Supplied information:
══════
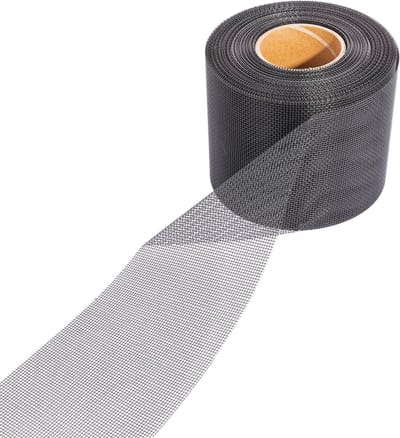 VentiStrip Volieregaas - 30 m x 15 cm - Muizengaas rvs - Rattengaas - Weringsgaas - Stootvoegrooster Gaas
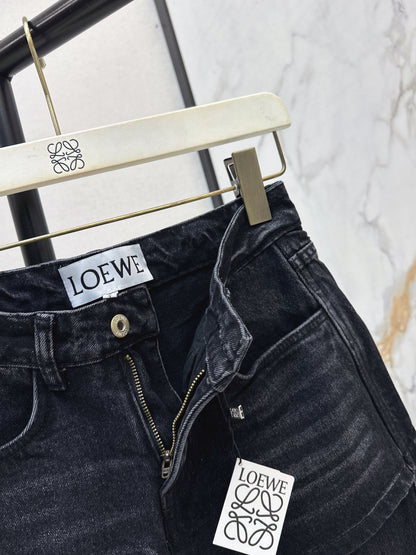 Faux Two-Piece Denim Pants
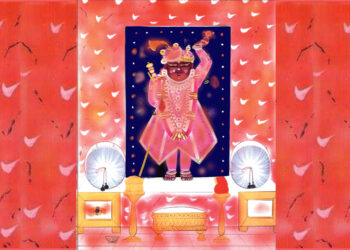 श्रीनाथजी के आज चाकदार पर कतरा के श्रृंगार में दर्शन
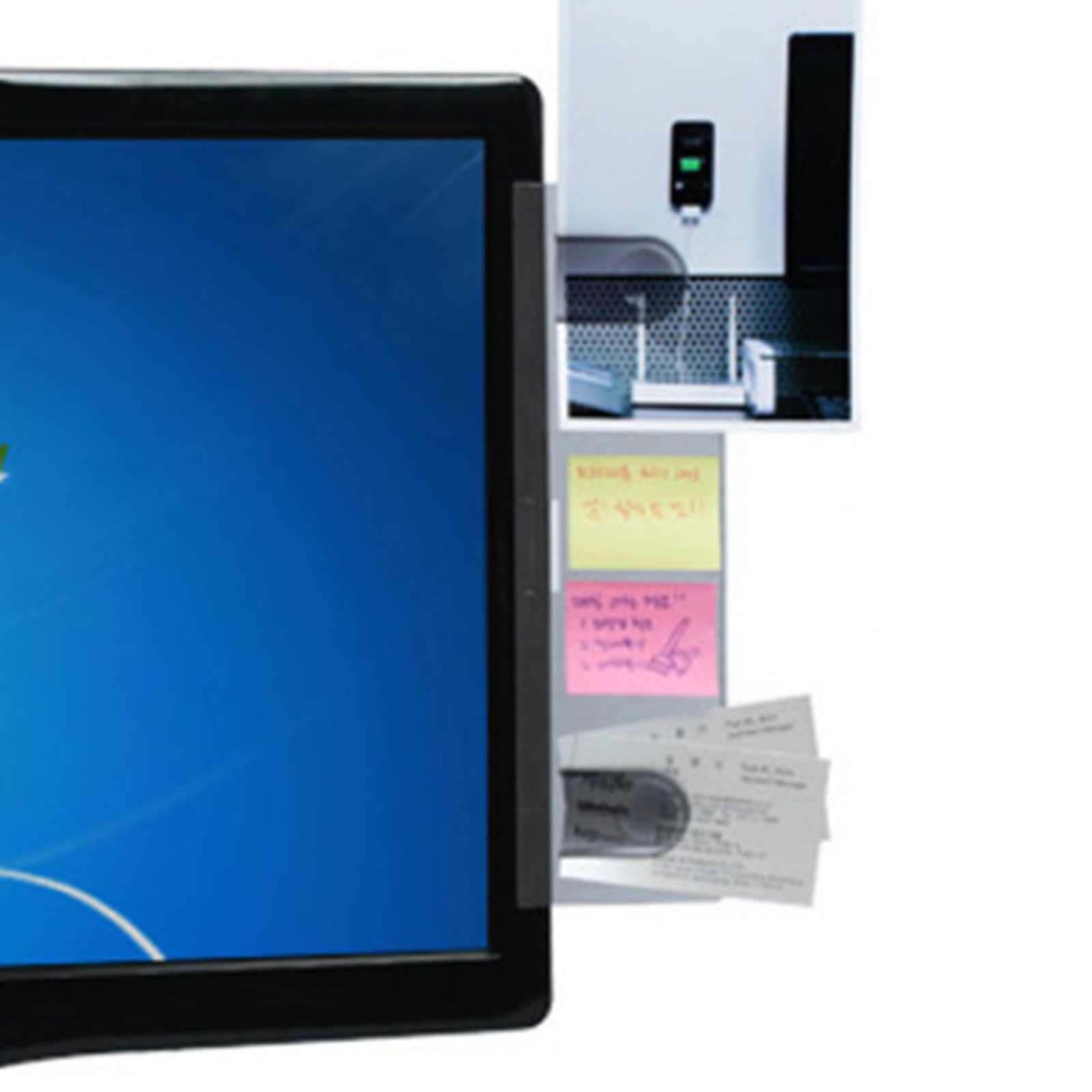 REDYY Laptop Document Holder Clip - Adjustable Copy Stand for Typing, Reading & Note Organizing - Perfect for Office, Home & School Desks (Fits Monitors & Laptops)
══════
Task to carry out: With the pictures left out, output exactly the lines from the one with "श्रीनाथजी के आज" through the end of the listing above, both ends included.

The completed task:
 श्रीनाथजी के आज चाकदार पर कतरा के श्रृंगार में दर्शन
 REDYY Laptop Document Holder Clip - Adjustable Copy Stand for Typing, Reading & Note Organizing - Perfect for Office, Home & School Desks (Fits Monitors & Laptops)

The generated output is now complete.